The most
celebrated flower painter of his day, indeed one of the most popular
in the history of botanical art, Pierre Joseph Redouté
was called the "Raphaël des fleurs." He
served as a court painter to Louis XVI and Marie Antoinette, and
survived the Revolution into the Bonaparte era. The original watercolors
for Les Liliacées, painted on vellum, that had belonged
to the Empress Josephine realized $5,000,000 at auction in 1986.

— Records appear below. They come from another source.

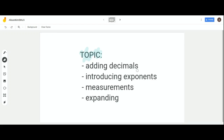Hi 5th graders! Today we're going to learn about adding decimals, and we're going to introduce exponents, and we're going to learn how to convert measurements and how to expand. So let's get started.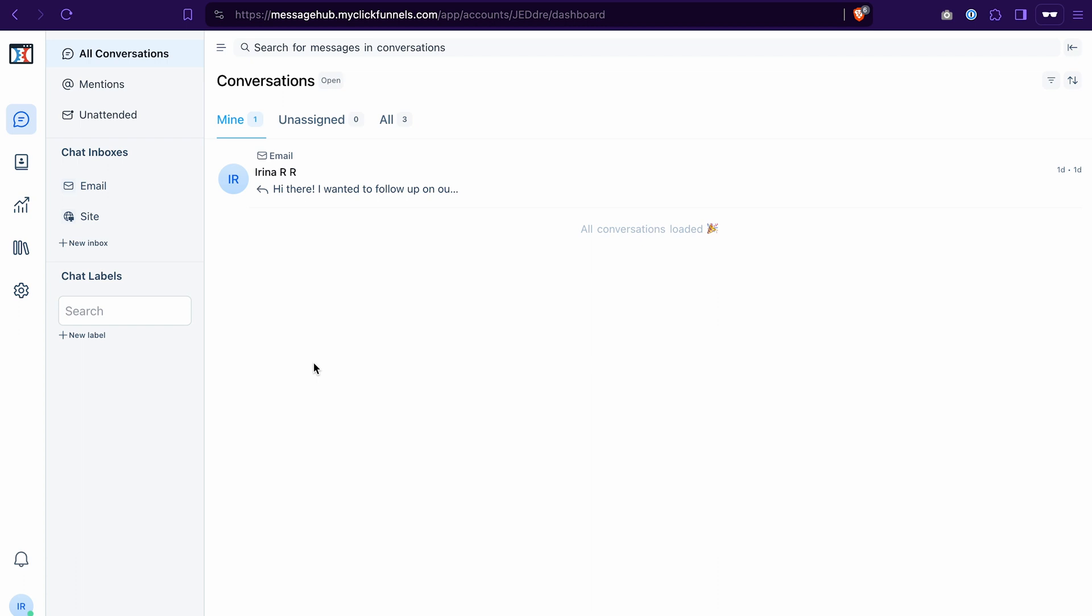Once your message hub is ready, it will look like this. On the left here, you will see chat inboxes. When you connect a site, a Facebook page, different messengers to message hub, it's called an inbox. In other words, it's just a communication channel that you're going to use.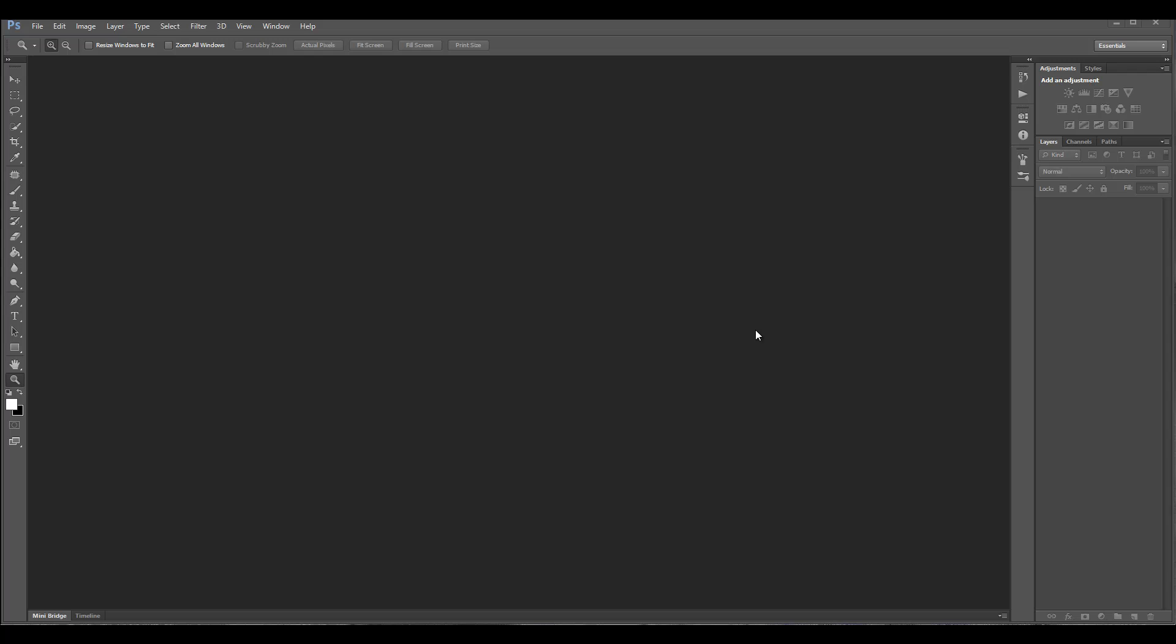Hello and welcome to Geek At Play Tutorials. Let's look at other ways you can tone map HDR.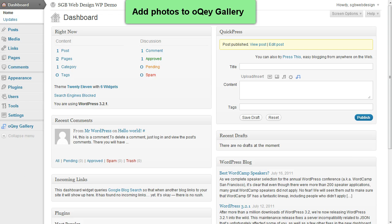From your dashboard, click OK Gallery in the left-hand column.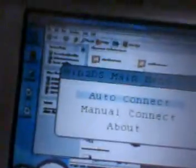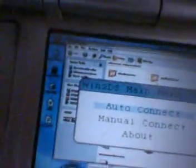Today I'm going to show you the program called Win2DS. It allows you to put your desktop up here on your DS.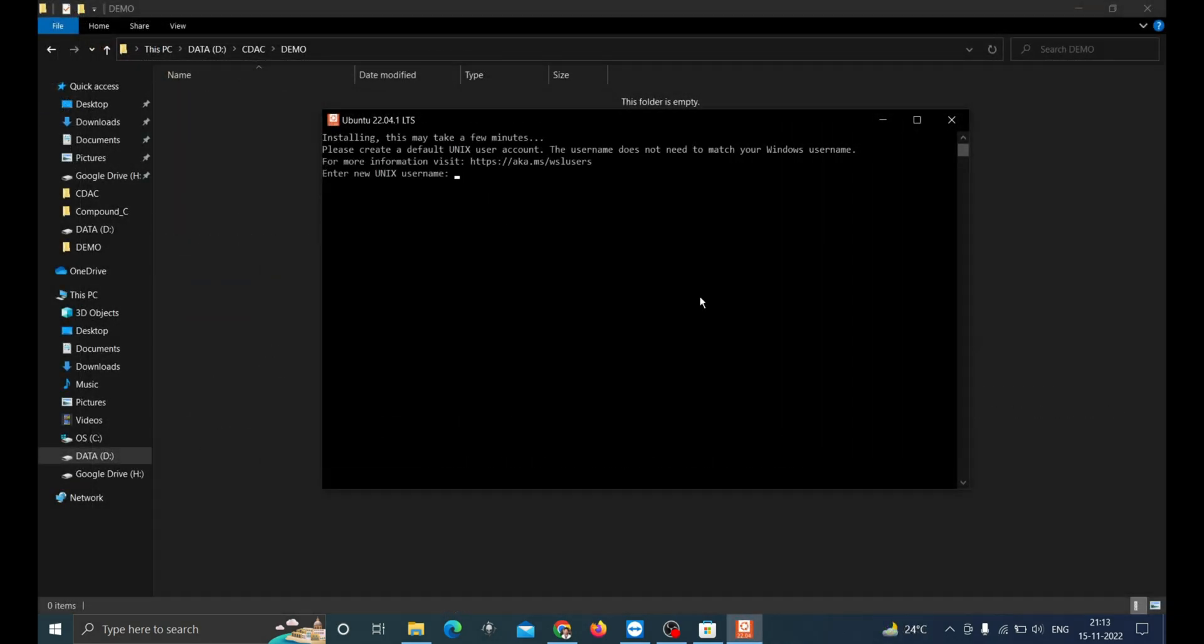Now the Unix username creation will happen. You can give your name or anything else as the username. Here I will be typing my name and then we'll have to set the password. As a security process, Ubuntu will not show the password but you can type. Type the password. Now this is ready.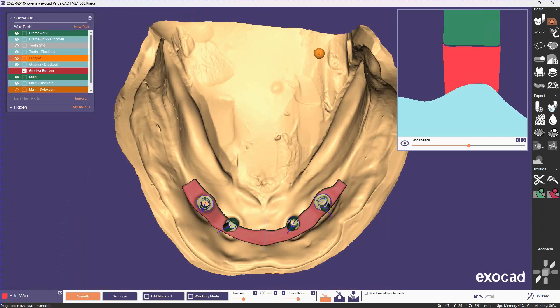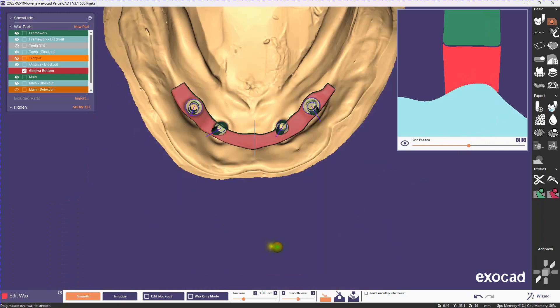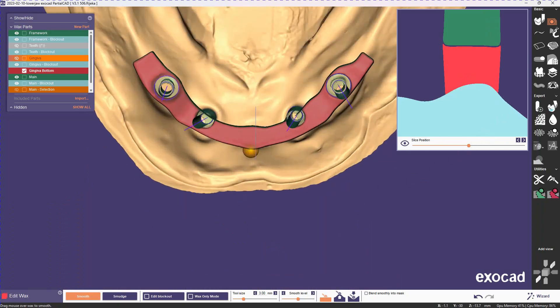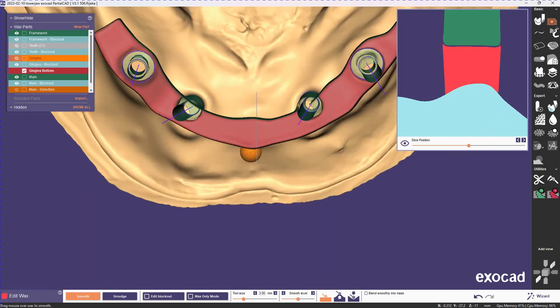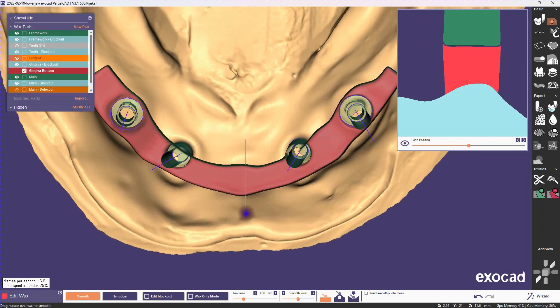So what we'll do now is we'll just apply an additive smooth to the whole top of the bottom gingiva. It'll take care of that edge, and we'll also fill in the gap.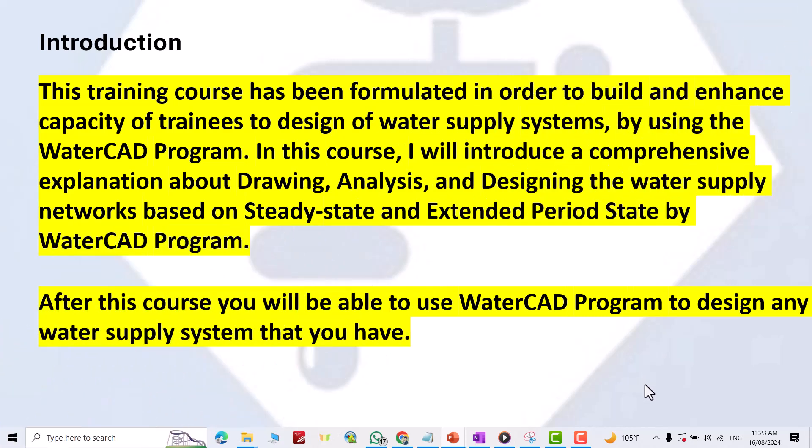Hi everyone. We are going to create a course about WaterCAD from A to Z. This training course has been formatted in order to build and enhance the capacity of trainees to design water supply systems by using the WaterCAD program. In this course, I will introduce a comprehensive explanation about drawing, analysis, and designing the water supply network based on steady state and extended period state by WaterCAD program. After this course, you will be able to use WaterCAD to design any water supply system.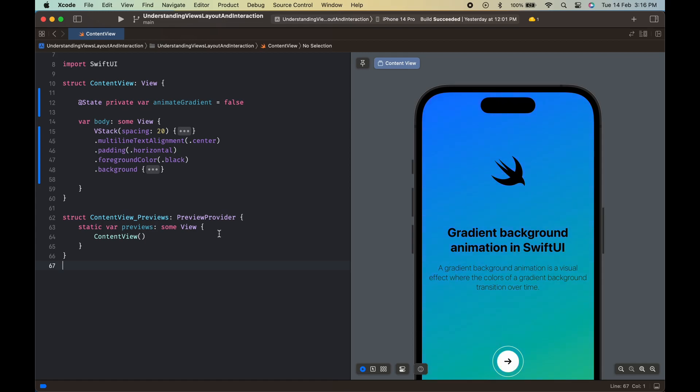In this video, we will learn about creating gradient background animation in SwiftUI. Let's dive into the video and understand how the gradient background animation can be implemented in SwiftUI.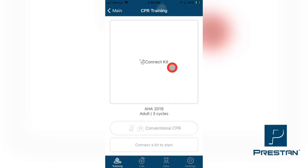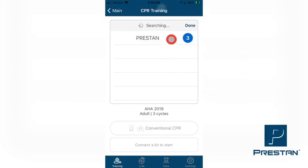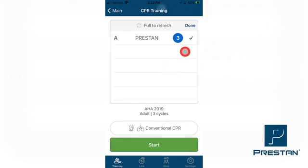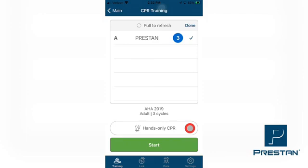On the next screen, select Connect Kit. You will now see that your device is searching for any active Preston Adult Professional Series 2000 mannequins in your immediate vicinity. Once the list of mannequins appears, select the mannequins you wish to connect to. When the mannequin is connected, you will see a checkmark appear next to the selected mannequin. Once all the mannequins are connected, you can select your desired training method. The available selections are Hands Only, which is the method where the students will perform compressions only, with no ventilations.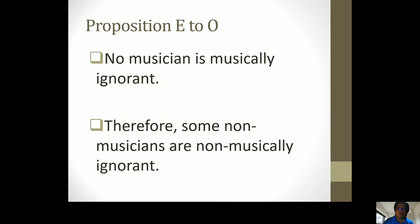Proposition E to O. 'No musician is musically ignorant.' Therefore, 'some non-musicians are not musically ignorant.'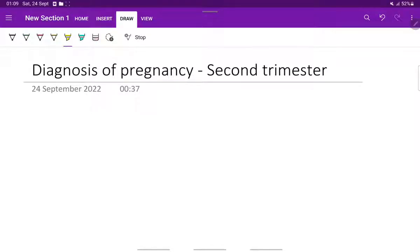We have seen about the diagnosis of pregnancy in the first trimester in our previous video. In this video, let's continue about the diagnosis of pregnancy in the second trimester, in which we will see the subjective and the objective symptoms.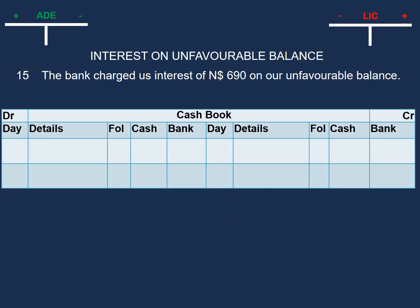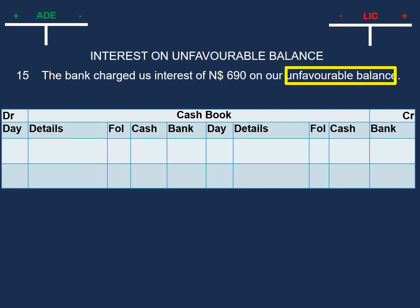This will affect our cash book again, and we would need to enter the amount in the bank column. The two accounts we can identify are interest on overdraft and bank.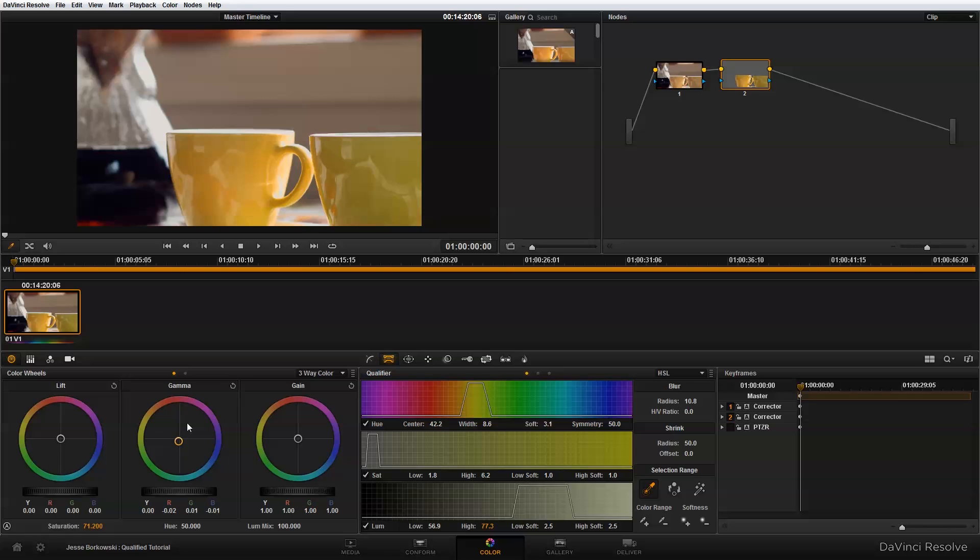If we look at a quick before and after, as you can see, by using the qualifier to isolate one area of our image and then bringing up the saturation only in that part of our shot, we've really been able to make these cups stand out from the rest of our shot.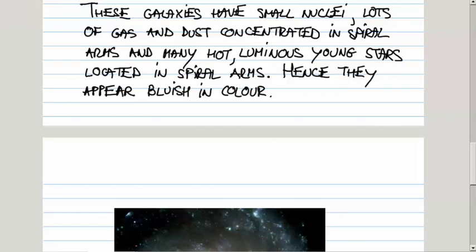As I pointed out before, SB class is in between SA and SC. They have nuclei larger than the galaxies in SC group, but not as large as those in SA group. They don't contain as much gas and dust as the galaxies in SC group, but more than those in SA. The number of these hot luminous stars is kind of in between the two extremes.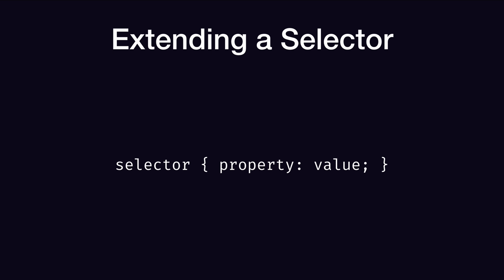But what if you needed to extend a selector? Could you do it? It turns out there's an easy way. Here we have a CSS rule with a selector list that has a selector of selector and a declaration list with one declaration of a property with a property name of property that has a value with a value of value.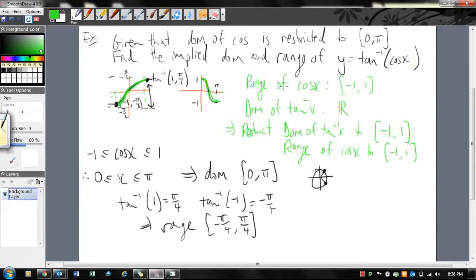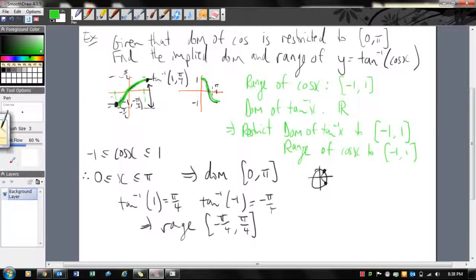To summarize: when tackling these problems, sketch both functions — it will help. You have an inside function and an outside function. For the whole function to be defined, match the range of the inside function with the domain of the outside function, then restrict both. For the domain, look at where the inside function (here, cos x) is defined: from 0 to π. For the range, look at the outside function (tan⁻¹) over the restricted interval: from −π/4 to π/4. Please come and ask me if this is still confusing — sorry about the quick explanation in class.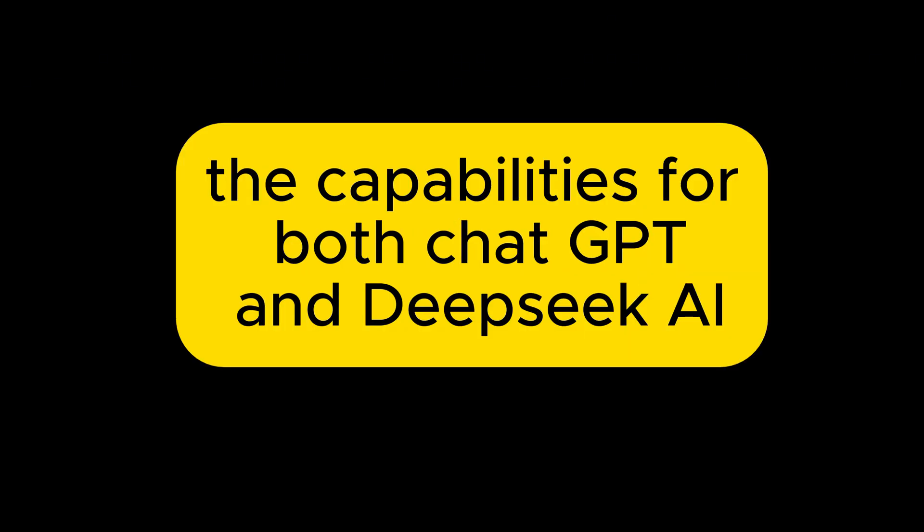So now you know the capabilities for both ChatGPT and DeepSeek AI. Now I want you to judge them. So in the comments down below tell me who you think won.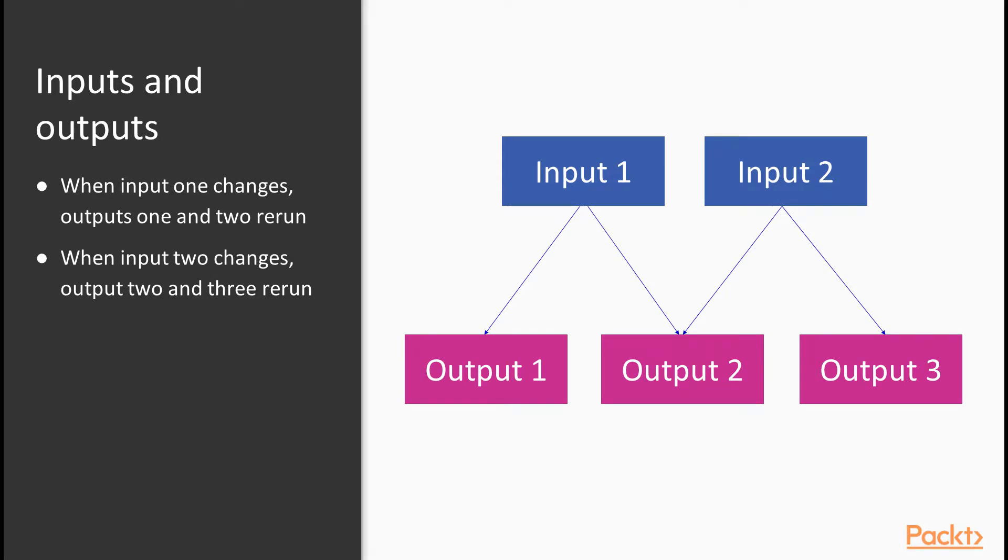Essentially, in the Shiny application, there are three types of reactive objects: inputs, outputs, and reactive expressions.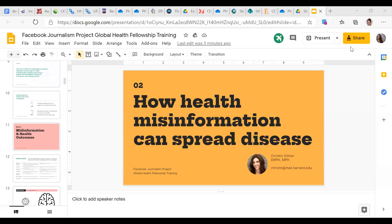Hi, everyone. My name is Kristen Gilmer, and I'm a global health scientist and doctor of public health. I'm excited today to talk to you a little bit about how health misinformation can spread disease. So let me hop into my slide set real quick.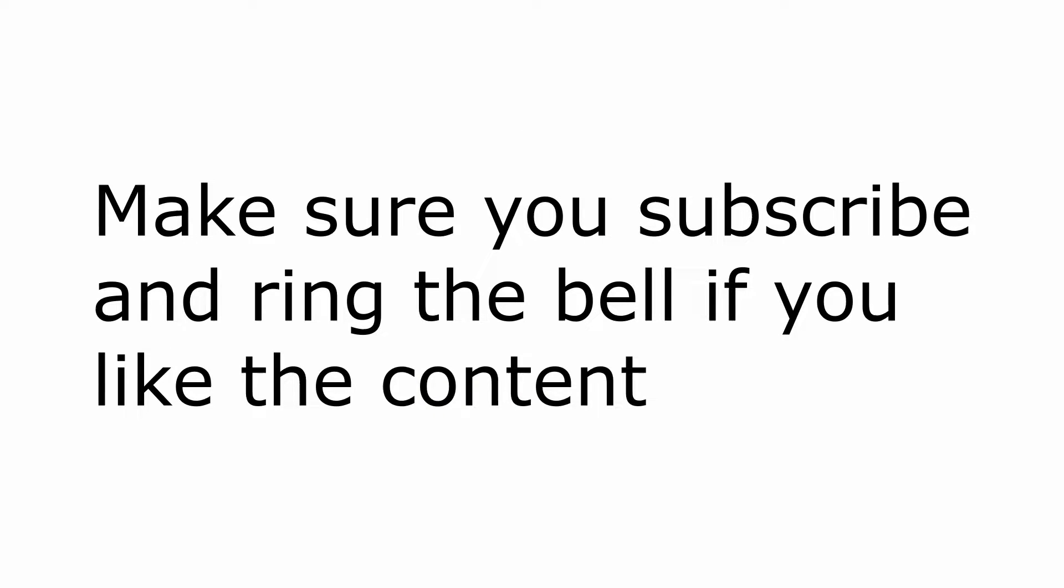This video is part of my Blazor series, so if you don't want to miss any episodes please subscribe and hit the notification bell to get notifications when I publish a new episode.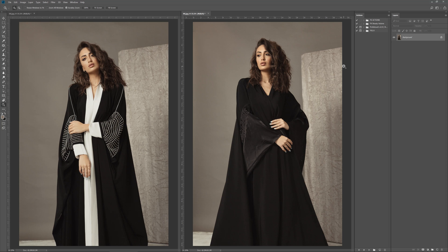Hello everyone, hope you're well — welcome back to the channel. In this video I'm going to show you my process of cleaning up grey backgrounds, or any background that is the same color: getting rid of creases, marks, and just smoothing out the background to make it look cleaner. I'm also going to include instructions on how to create an action so you can make this very quick.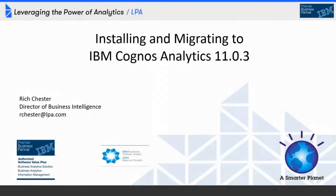Hi, everyone. My name is Rich Chester, and I'm the Director of Business Intelligence at LPA Software Solutions. It's my pleasure to be with you today to talk about installing and migrating to the Cogniz Analytics release, version 11.0.3.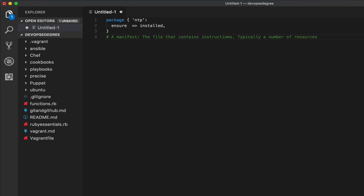A manifest contains a number of resources, and as we said, each resource may have one or more attributes like 'ensure'.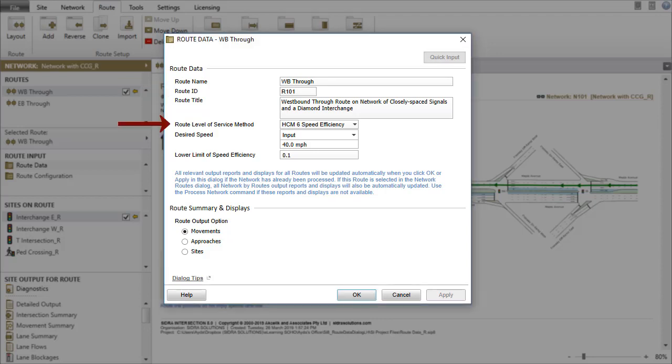The Route Level of Service Method, Desired Speed, and Lower Limit of Speed Efficiency parameters are very similar to the parameters that appear in the Network Data dialog under the Network tab.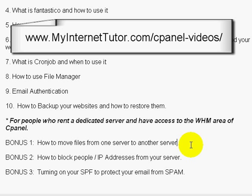For people who rent a dedicated server and have access to the web hosting manager area of cPanel — which most of you won't have unless you rent a virtual or dedicated server — I'll include three bonus videos on how to move files from one server to another. This feature is very convenient. I used to download files and upload them to another server, but with cPanel's feature, you just click a few buttons, move files, walk away for an hour, come back and change the DNS servers, and you're good to go.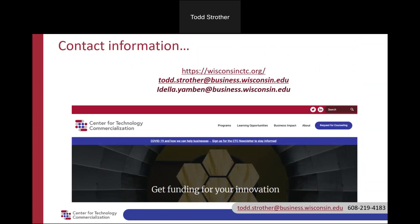That's an outline of the SBIR programs available to you, as well as the services we provide. I invite you to talk to us about your idea — perhaps we can help you prepare and fund an SBIR or STTR grant. Thank you.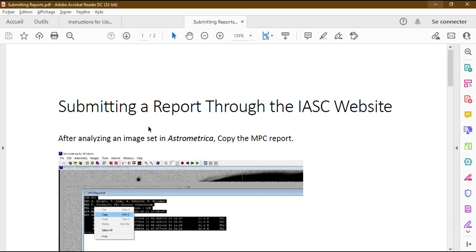I will come back to this and give more detail after we analyze our first image set together. Now you know about Astrometrica, the campaign, image sets, and team setup — you are ready to start your work as a citizen scientist. In the next training video we will analyze your first image set together and make a proper report.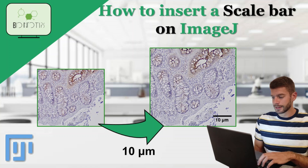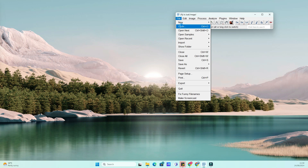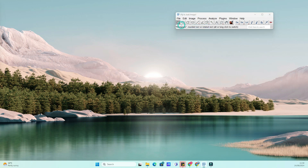Do you want to know how to insert a scale bar on ImageJ? You came to the right place. Hey everyone, welcome back to BioInfo Tips. In today's video, I'm going to show you how to insert a scale bar into an image using ImageJ.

Under the patronage of Josephine, the work in its published form
with 488 color printed stipple engravings was issued over a period
of fourteen years in eighty installments making up eight volumes.
In his preliminary
discourse Redouté, who was artist, editor, and his own
publisher, announced that he had chosen the lily family for its
variety of forms and promised that "the brilliant series
will be drawn, engraved, and colored with all the fidelity that
science can desire, and, which is more difficult, with the luxury
of detail with which nature has embellished them." In fact,
not only the lily family is represented but selected members of
the amaryllis, iris, and orchid families. A masterpiece of illustration,
botanically and aesthetically, resulted. Redouté followed
Les Liliacées with the three-volume Les Roses,
1817-24, perhaps more delicate but not so colorful.
The Academy's
copy of Les Liliacées was bequeathed to it by its
former president, William Maclure, in 1835. It was part of his
library of some 4,000 books brought back to Philadelphia after
his death from the utopian community at New Harmony, Indiana,
which he had helped to found and where he for a while lived. Another
copy of Les Liliacées, surprisingly enough, came
to the Pennsylvania Hospital from the collection of Dr. Benjamin
Smith Barton, "the father of American botany." The Library
Company has three volumes of it. Examples of Les Roses
are not only in the Academy's collection, but also at Bryn Mawr.